PostgreSQL's ts_rank function provides basic relevance scoring, but it's significantly less sophisticated than modern ranking algorithms like BM25 used by Elasticsearch. The ts_rank function only considers term frequency within documents and lacks global document frequency information that would indicate how rare or common terms are across your entire corpus. This means common words aren't properly downweighted, and rare, potentially more relevant terms don't receive appropriate boosts.

PostgreSQL also offers ts_rank_cd with cover density algorithms for alternative ranking approaches, but these still fall short of BM25's comprehensive approach to relevance scoring. For applications where search ranking quality is critical, this represents a significant limitation compared to dedicated search engines.

Advanced Query Techniques

Highlighting Results

PostgreSQL can highlight matching terms in search results:

SELECT title,
  ts_headline('english', content, query) as highlighted_content
FROM articles, to_tsquery('english', 'postgresql & search') query
WHERE search_vector @@ query;

Multi-Column Search

Search across multiple text fields with different weights

-- Weight title more heavily than content
SELECT title, content,
  ts_rank_cd(
    setweight(to_tsvector('english', title), 'A') ||
    setweight(to_tsvector('english', content), 'B'),
    query
  ) as rank
FROM articles, to_tsquery('english', 'postgresql') query
WHERE (
  setweight(to_tsvector('english', title), 'A') ||
  setweight(to_tsvector('english', content), 'B')
) @@ query
ORDER BY rank DESC;

Fuzzy Matching

The pg_trgm extension can be added to handle typos and variations with similarity search:

-- Enable pg_trgm extension for trigram similarity
CREATE EXTENSION pg_trgm;

-- Find similar terms
SELECT word FROM dictionary
WHERE similarity(word, 'postgresgl') > 0.3
ORDER BY similarity(word, 'postgresgl') DESC;

When to Use PostgreSQL Full-Text Search

PostgreSQL's built-in search excels when search needs to be transactional with other database operations, maintaining ACID guarantees across your entire application. It performs well for applications with millions of documents rather than billions, making it suitable for most business applications. The language-specific configurations work well for multi-language content, and the ability to join search results with other tables simplifies complex queries that would require multiple systems in other architectures.

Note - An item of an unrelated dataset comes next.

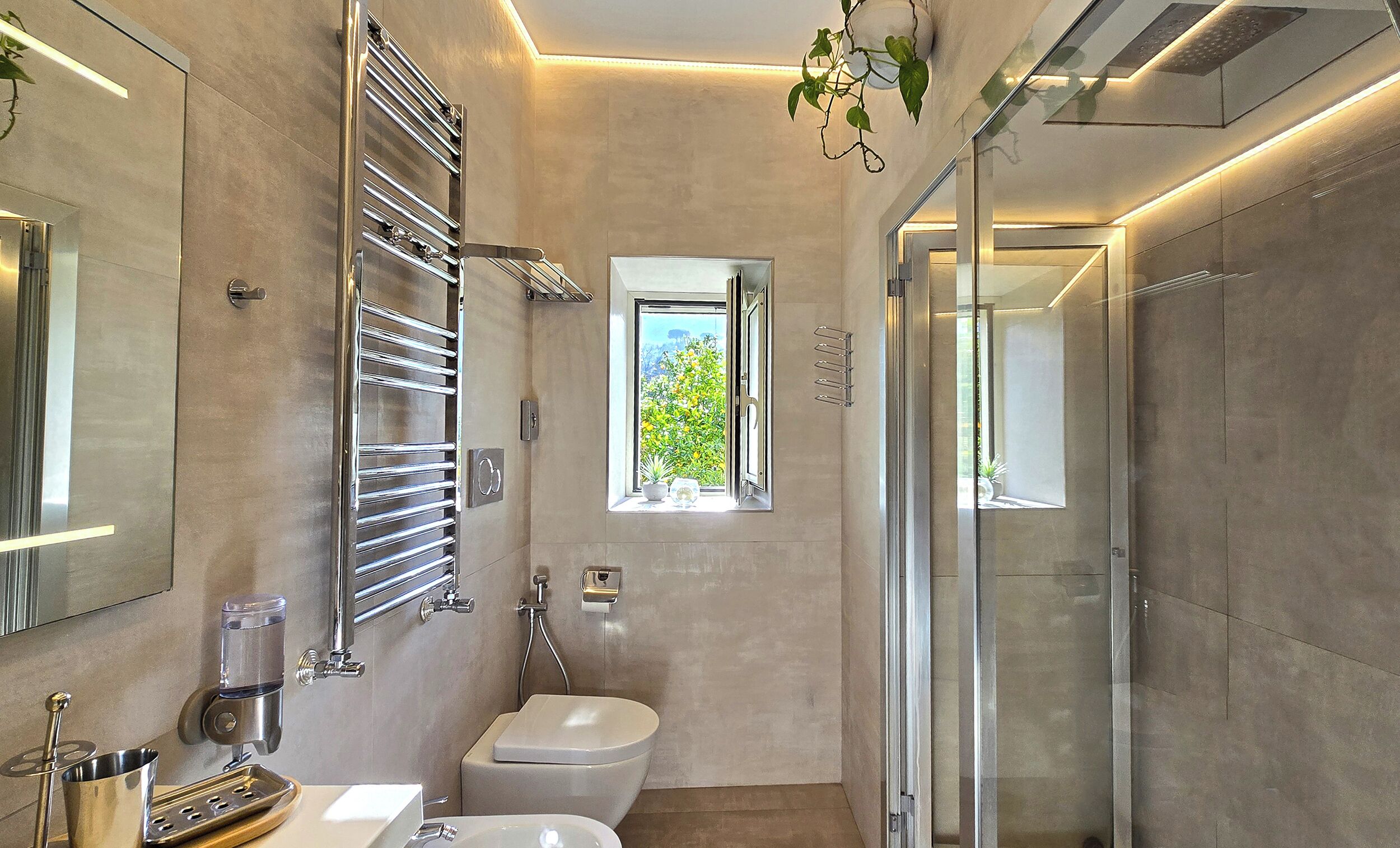 Un baño moderno con cabina de ducha de vidrio, inodoro y lavamanos. Hay una ventana con vistas a zonas verdes.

The operational simplicity of managing a single database system rather than separate search infrastructure makes PostgreSQL full-text search attractive for teams that want to avoid the complexity of distributed systems. PostgreSQL full-text search provides excellent performance for most applications while maintaining the operational simplicity of a single database system.

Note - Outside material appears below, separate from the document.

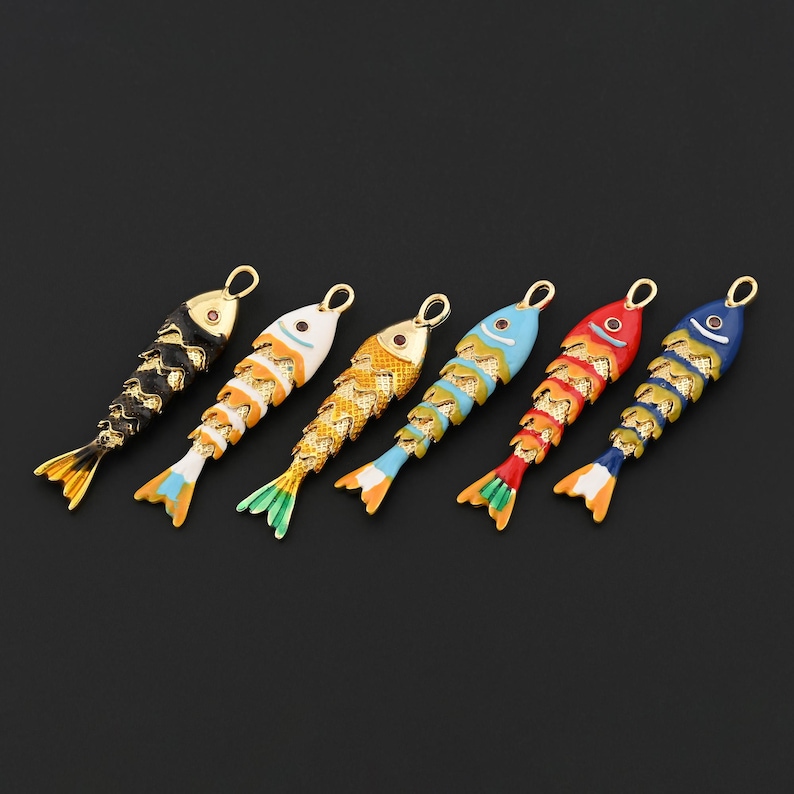 May include: Six fish-shaped pendants arranged in a row, each featuring a gold-tone textured body with colorful enamel accents on the head and tail. The colors include black, white, yellow, light blue, red, and dark blue, all with a small loop.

Limitations and Alternatives

While PostgreSQL's full-text search is powerful, it has limitations compared to specialized search engines. Performance degrades with very large document collections (millions of documents), and the system provides limited support for faceting, fuzzy matching, or complex highlighting. The ranking algorithms offer fewer options for customization compared to dedicated search engines, and real-time analytics capabilities are less sophisticated than what dedicated search engines provide.

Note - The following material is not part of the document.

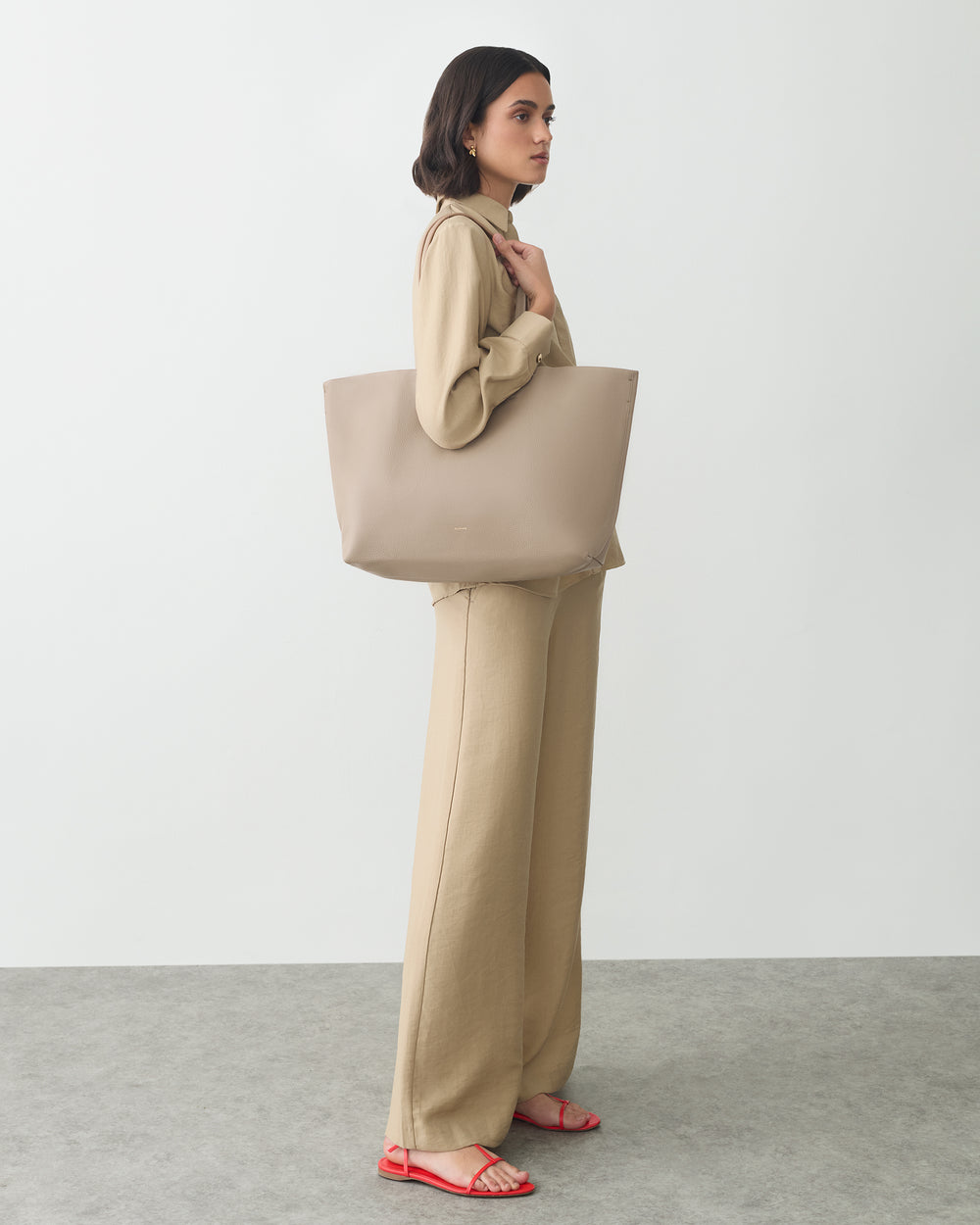 Person standing with tote bag wearing matching outfit and sandals.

For applications requiring these advanced features, consider hybrid approaches that use PostgreSQL for transactional data and specialized search engines like Elasticsearch.

Another option is ParadeDB, which uses an extension to bring the feature set and performance of Elasticsearch inside Postgres.

Summary

PostgreSQL's built-in full-text search transforms your database into a capable search engine. With tsvector, tsquery, and proper indexing, you can implement sophisticated text search that integrates seamlessly with your application's data and transactions.

The combination of SQL's expressiveness with full-text search capabilities makes PostgreSQL an excellent choice for applications where search is important, but doesn't justify the complexity of separate search infrastructure.